FanGhost · 2020-07-15T09:44:28Z

follow

alextp · 2020-07-17T20:49:24Z

AFAICT it's possible to have the dynamic embedding ops entirely in a third-party repo, and we just need the trainable interface part of this PR to be in core TF. Is that true?

tanzhenyu · 2020-07-17T21:42:10Z

AFAICT it's possible to have the dynamic embedding ops entirely in a third-party repo, and we just need the trainable interface part of this PR to be in core TF. Is that true?

That is true -- and I have the same comments. Let's keep what needs to be changed in lookup table, and leave the rest of it in the new SIG/repo

rhdong · 2020-07-18T05:24:28Z

@alextp @tanzhenyu Yes, we need the trainable interface part of this PR to be in core especially the part of optimizer.py and TrainableWrapper which are the key to compatibility with all native optimizers without requiring extend them one by one, and I believe it's inappropriate and very difficult to be spilt them out in design considerations.

yejw5 · 2020-07-18T08:32:11Z

tensorflow/python/ops/resource_variable_ops.py

+        cached_value=cached_value)
+
+  def update_op(self):
+    return self.params.upsert(self.ids, self.read_value(False))


If multi workers update the same embeddings, only one update will take effect? Or maybe one worker read the embeddings for training, and return grad with a long time delay, the pre-trained embeddings may be covered by this update?

If multi workers update the same embeddings, only one update will take effect? Or maybe one worker read the embeddings for training, and return grad with a long time delay, the pre-trained embeddings may be covered by this update?

Good question. That's a common problem in asynchronous training. To fix that we read again (from hash tables) when applying gradients to variables and slots: here

And another question, does this support synchronous training?

And another question, does this support synchronous training?

Yes, The RFC is compatible with all distributed strategy of TensorFlow, not only PS-Worker mode.

How will the local variable on each replicas sync with each other and push the gradients to lookup hash table in terms of synchronous training?
Plus, as one more time of I/O has been introduced due to local variables, will it cause training speed degradation?

How will the local variable on each replicas sync with each other and push the gradients to lookup hash table in terms of synchronous training?
Plus, as one more time of I/O has been introduced due to local variables, will it cause training speed degradation?

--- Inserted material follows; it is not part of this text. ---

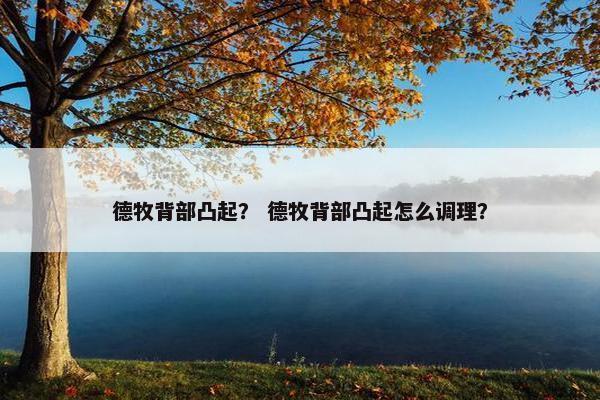 德牧背部凸起？ 德牧背部凸起怎么调理？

AFAICT, the strategy you mentioned is hybrid-parallelism, this paper maybe helpful : https://arxiv.org/abs/1909.04823

evanzhen · 2020-07-21T04:30:27Z

Is there any corresponding patch in TF-Serving ? How to deal with the problem of huge memory used by hash table on a single machine ?

byronyi · 2020-07-21T05:29:38Z

@lilao might have better ideas on this for TF Serving.

Is there any corresponding patch in TF-Serving ? How to deal with the problem of huge memory used by hash table on a single machine ?

fff-2013 · 2020-08-18T13:42:49Z

This feature will be helpful for our recommend system, hope to use as soon as possible, follow.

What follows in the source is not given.